Ariel Sylvia Plath’s poem “Ariel” begins with a speaker who exists in a void: “Stasis in darkness.” Then the world slowly starts to reveal itself, as if at dawn: “the substanceless blue / Pour and for of distances.”
Steadily, the substance of the picture fills in. The speaker addresses someone–“God’s lioness”–exclaiming “How one we grow, / Pivot of heels and knees”! The speaker and the “lioness” are joined together; yet at the same time, the following lines: “–The furrow / Splits and passes,” give an impression of motion and falling away.
The picture of the poem becomes clearer in the next lines: “The brown arc / Of the neck I cannot catch.” The speaker is addressing a horse she is riding. She is unable to catch the image of her horse, yet in the following stanza she portrays a feeling of being caught: “Nigger-eye / Berries cast dark / Hooks–.” The speaker is clearly threatened, for even berries have the ability to hurt her.
The image of darkness returns, but with greater urgency. Shadows are Black sweet blood mouthfuls” that the speaker savors. Yet she quickly cast them away. Her mind is galloping ahead in full force, already claiming that “Something else / Hauls me through air–.”

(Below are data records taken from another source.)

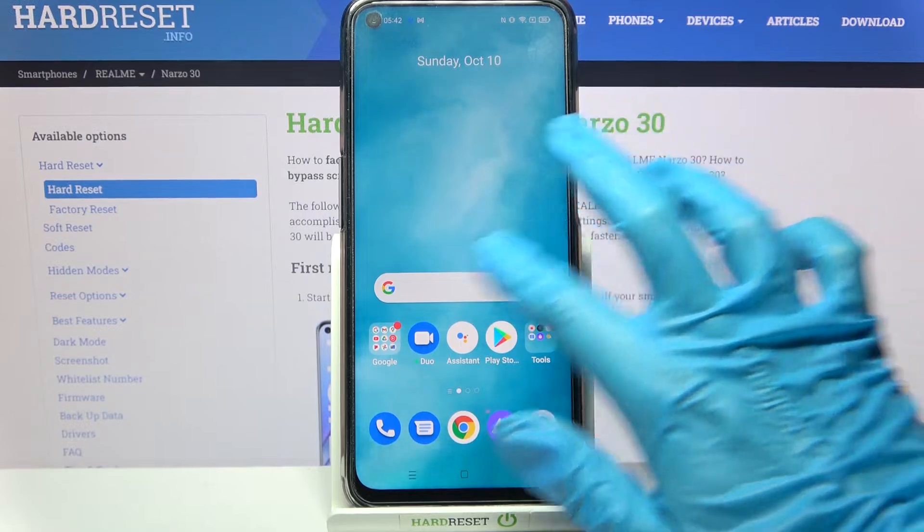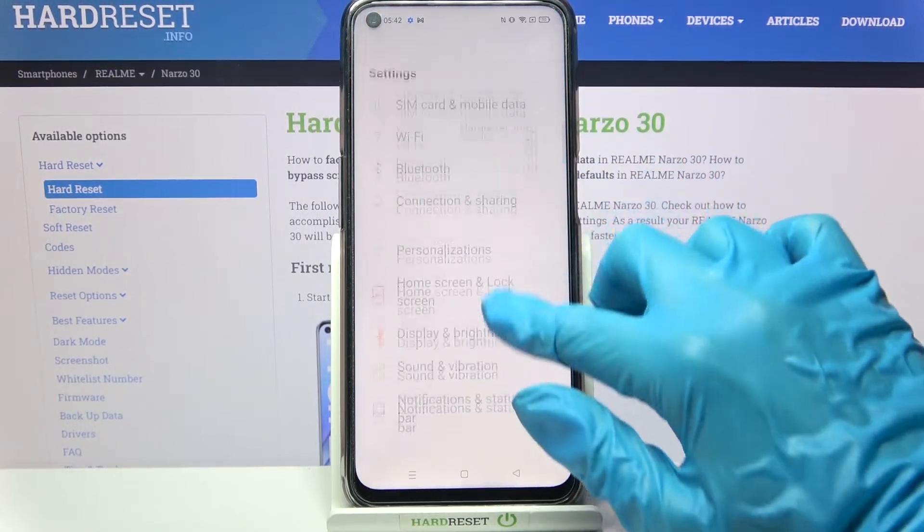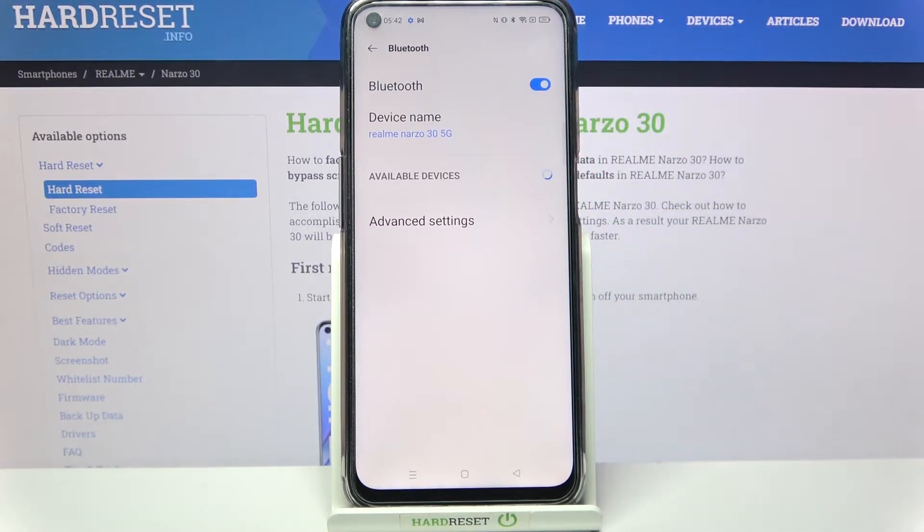Firstly, you need to access device settings. Then, choose Bluetooth over here and click on the switcher to activate it.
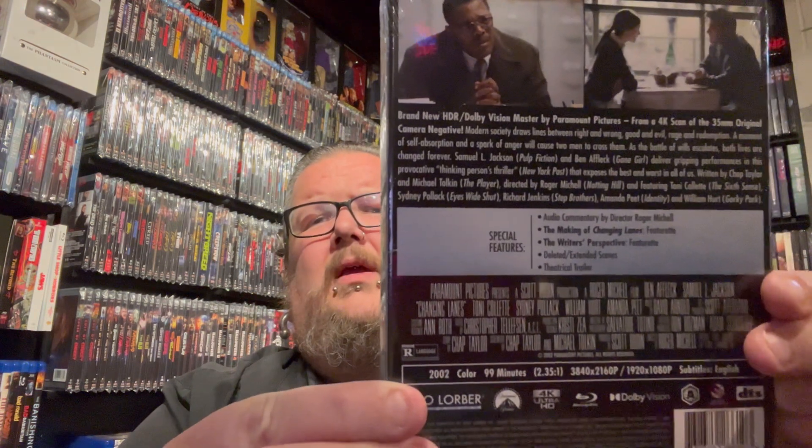Next up we have the 4K of Changing Lanes with Ben Affleck and Samuel L. Jackson. I'd never really heard of this movie, but when it got released to 4K from Kino a lot of people were talking about how good it was, so I'm excited to check it out. It came out in 2002. Definitely happy to add that to the Kino collection.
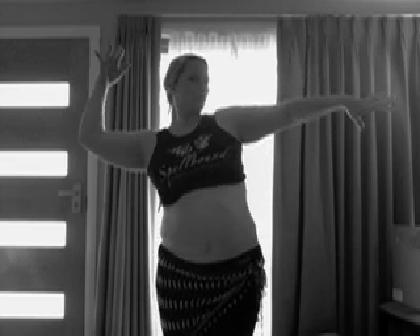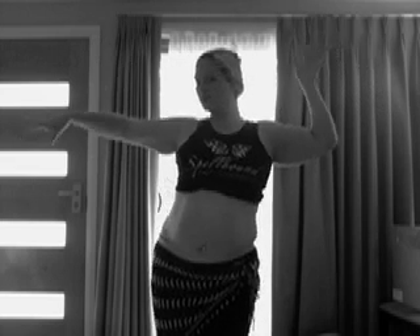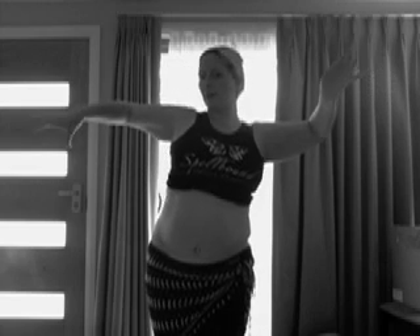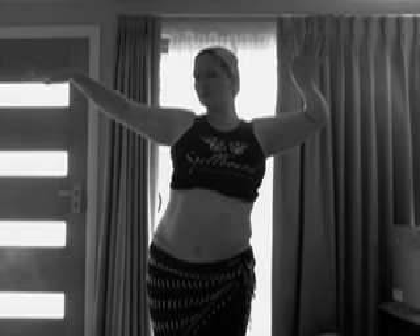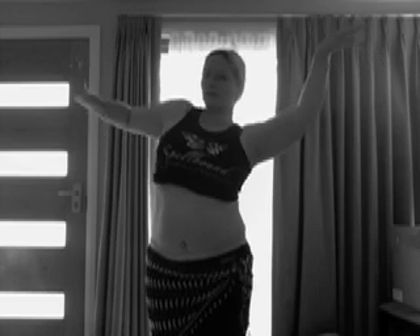Now to refine this movement, looking to the side that's doing the work — really pushing now with that hand and seeing if you can keep the elbows above the shoulders. Reaching that arm out.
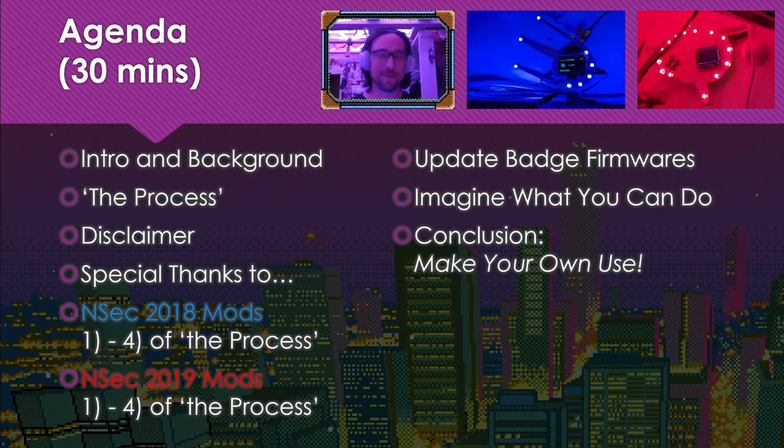Hi there! Since we're on Twitch, I would nominally be in a hot tub. Unfortunately, I have too much electronics down here for any of that. In this presentation, I'm going to show you that badges are awesome, functional pieces of art.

The speaker turns to the impressions of her own body–“Thighs, hair”–to fill out the sensory picture. Yet she quickly begins to unravel that image as well: “Flakes from my heels. / White Godiva, I unpeel–.”The image of Godiva refers to the legendary eleventh-century woman Lady Godiva. On the condition that her husband eases the heavy taxation on his town, Lady Godiva rode through the town naked on a horse. The legend of Lady Godiva grew over the centuries to include the character of peeping Tom, the only townsperson who caught a glimpse of her through the closed shutters–and went blind as a result.
This reference to Lady Godiva casts an image of the speaker as a larger-than-life figure. She associates herself with a woman of such power that she could rob a man of his sight. While this immense power has an effect on others, it also is turned toward–perhaps against–the speaker herself. The stanza ends in a powerful flash: all that is left of the image of the speaker’s body are “Dead hands, dead stringencies.” Her energy is spent.
In the following stanza, the speaker completes her evaporation: “And now I / Foam to wheat, a glitter of seas.” As surely as the sensory world crept in at the beginning of the poem, it recedes. Sound disassembles as if in a hallucination: “The child’s cry / Melts in the wall.” Yet instead of fading away, the speaker’s voice comes on again in full force. She claims “And I / Am the arrow, / The dew that flies / Suicidal.” She is on a clear path, though it is heading toward self-destruction. In this certainty the speaker is elated, feeling “at one” with the suicidal wish.
The speaker’s final destination is “Into the red / Eye, the cauldron of morning.” Rather than retreating into night, she begins at a new dawn: rather than returning to the void that begins the poem, she achieves a blinding, exalted completion.